Friday, March 27, 2020

Praying the psalms with St Benedict 6C - The intercessory components of the Office

In the last two posts in this series I have argued from contextual material that at least in the three groups of monasteries considered here (Agaune, Arles and those of St Benedict) the whole Office was viewed as intercessory in character, given for the salvation of the whole world, and most particularly to those closest to the religious - including their fellow religious, family, friends, benefactors and wider community - in late antiquity.

Later periods would add specific prayers and psalms to the Office: these, I would suggest, simply made explicit and specific what had always been implicit, rather than representing a fundamental change in the orientation of monastic life: the key difference, perhaps was that the interests of Church and State were more obviously firmly aligned from the early middle ages onwards.
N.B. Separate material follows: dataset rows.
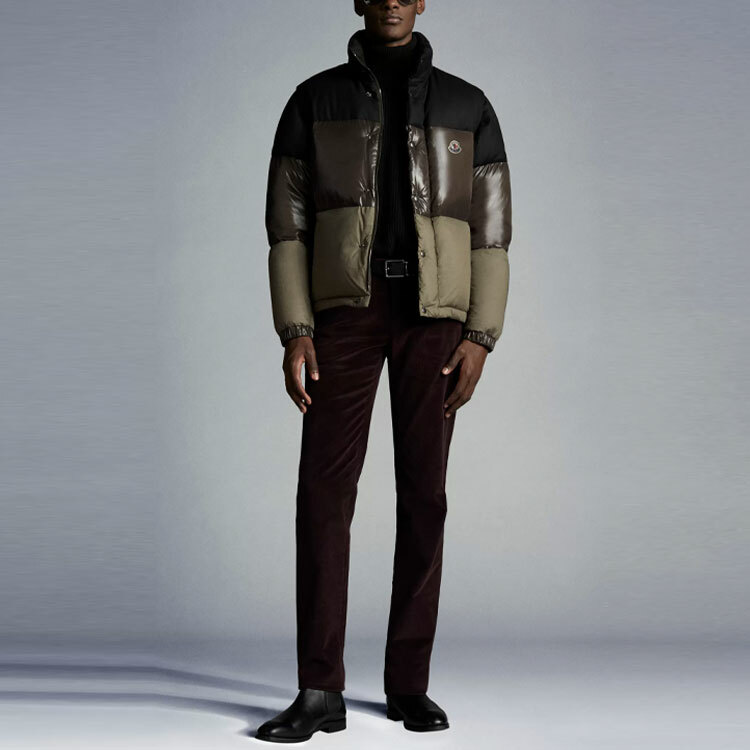 【代購】Moncler Aveillan Short Down Jacket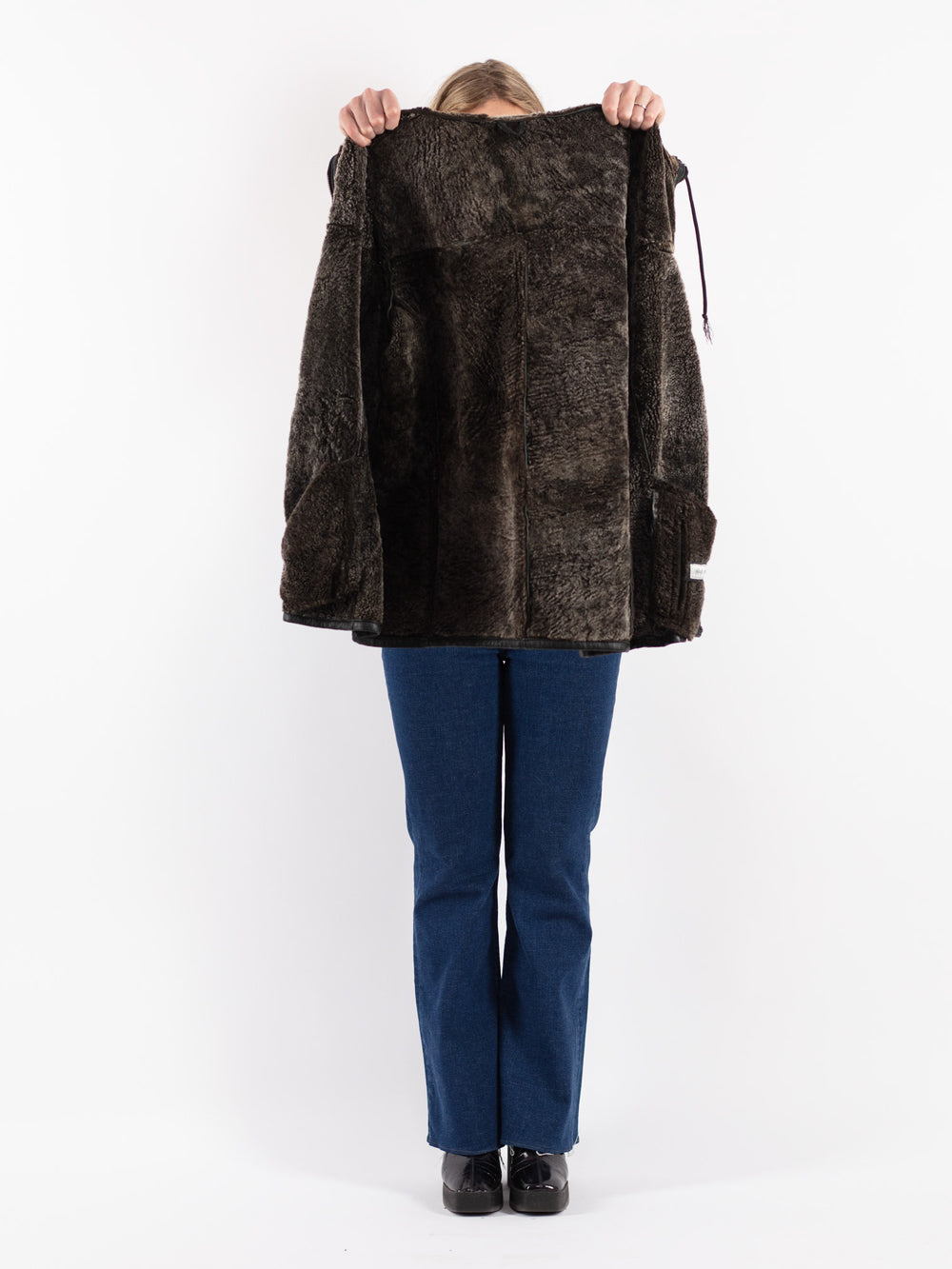 Vintage 90's Women Sheepskin Jacket in Black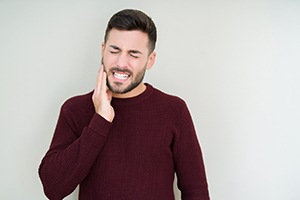 man in pain needing to understand the cost of root canal in Lincoln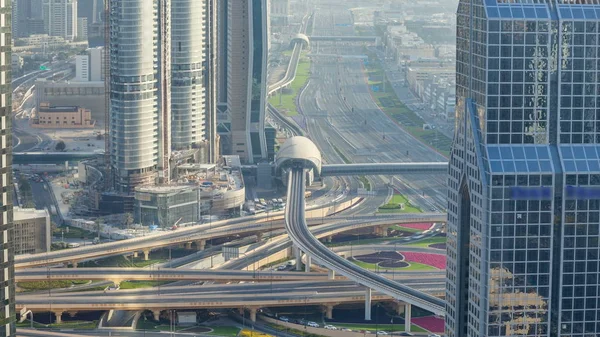 Ruch Ruchliwym Skrzyżowaniu Autostradzie Sheikh Zayed Antenowe Timelapse Widok Dachu — Zdjęcie stockowe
But even in late antiquity there were already a number of specific features of the Office that would have signalled its intercessory intent to those who said and heard it.

The angelic salutation

I have previously pointed to the use of the angelic salutation from St Luke 2:12 (Glory to God in the highest; peace and good will to men on earth) in the liturgy of the Sleepless monks. If we assume that Agaune's liturgy was either directly or indirectly influenced by that of the Sleepless monks, as suggested earlier in the series, it probably did include explicit intercessory components.

In particular, the liturgy of the Sleepless Monks, according to the late fifth century life of St Alexander Aketemoi, raised petitions to God on behalf of their fellow Christians by singing the angelic salutation and making seventy-seven genuflections each day. [1] It is worth noting that this canticle was also used in the Office of Arles, at Lauds on Sundays. [2]

The Pater Noster

The use of the Our Father (Pater Noster) at each hour of the Benedictine Office may have been intended to play a similar function. [3]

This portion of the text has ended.